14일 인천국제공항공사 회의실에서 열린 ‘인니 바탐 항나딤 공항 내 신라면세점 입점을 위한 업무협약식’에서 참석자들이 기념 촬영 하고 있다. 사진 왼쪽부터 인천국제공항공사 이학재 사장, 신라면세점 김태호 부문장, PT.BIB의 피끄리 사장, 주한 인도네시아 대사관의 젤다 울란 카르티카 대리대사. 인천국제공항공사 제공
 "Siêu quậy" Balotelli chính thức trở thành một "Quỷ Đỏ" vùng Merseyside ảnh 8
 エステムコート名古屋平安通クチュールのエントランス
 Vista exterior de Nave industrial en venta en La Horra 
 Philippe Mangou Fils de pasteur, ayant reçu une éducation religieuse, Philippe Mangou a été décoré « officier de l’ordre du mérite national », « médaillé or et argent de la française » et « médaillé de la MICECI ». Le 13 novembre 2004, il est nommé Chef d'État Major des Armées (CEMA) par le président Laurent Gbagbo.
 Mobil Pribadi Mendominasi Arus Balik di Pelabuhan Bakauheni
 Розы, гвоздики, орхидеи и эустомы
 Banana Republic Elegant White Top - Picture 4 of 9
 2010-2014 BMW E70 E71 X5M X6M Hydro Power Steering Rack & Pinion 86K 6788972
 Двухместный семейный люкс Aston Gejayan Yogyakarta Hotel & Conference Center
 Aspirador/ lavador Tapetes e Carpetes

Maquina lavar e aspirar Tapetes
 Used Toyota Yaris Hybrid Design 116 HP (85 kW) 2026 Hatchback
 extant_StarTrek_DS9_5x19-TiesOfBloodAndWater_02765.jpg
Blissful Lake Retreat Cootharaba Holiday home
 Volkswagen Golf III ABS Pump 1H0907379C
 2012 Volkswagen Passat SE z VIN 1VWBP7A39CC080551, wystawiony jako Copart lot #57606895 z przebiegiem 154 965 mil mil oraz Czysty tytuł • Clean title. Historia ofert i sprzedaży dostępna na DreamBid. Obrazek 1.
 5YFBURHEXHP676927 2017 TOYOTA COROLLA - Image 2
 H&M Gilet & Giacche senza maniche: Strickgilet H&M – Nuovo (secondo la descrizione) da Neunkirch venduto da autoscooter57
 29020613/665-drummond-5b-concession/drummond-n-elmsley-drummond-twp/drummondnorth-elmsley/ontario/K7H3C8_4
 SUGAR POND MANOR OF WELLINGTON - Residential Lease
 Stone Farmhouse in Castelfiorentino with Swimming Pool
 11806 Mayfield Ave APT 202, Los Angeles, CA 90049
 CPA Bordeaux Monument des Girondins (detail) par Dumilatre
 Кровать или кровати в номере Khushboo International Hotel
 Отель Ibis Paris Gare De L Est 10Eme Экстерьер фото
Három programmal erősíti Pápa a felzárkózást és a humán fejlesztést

**Task:**
Pick out the lines above that hold the string "Hotel" and show them.

**Solution to this exercise:**
 Двухместный семейный люкс Aston Gejayan Yogyakarta Hotel & Conference Center
 Кровать или кровати в номере Khushboo International Hotel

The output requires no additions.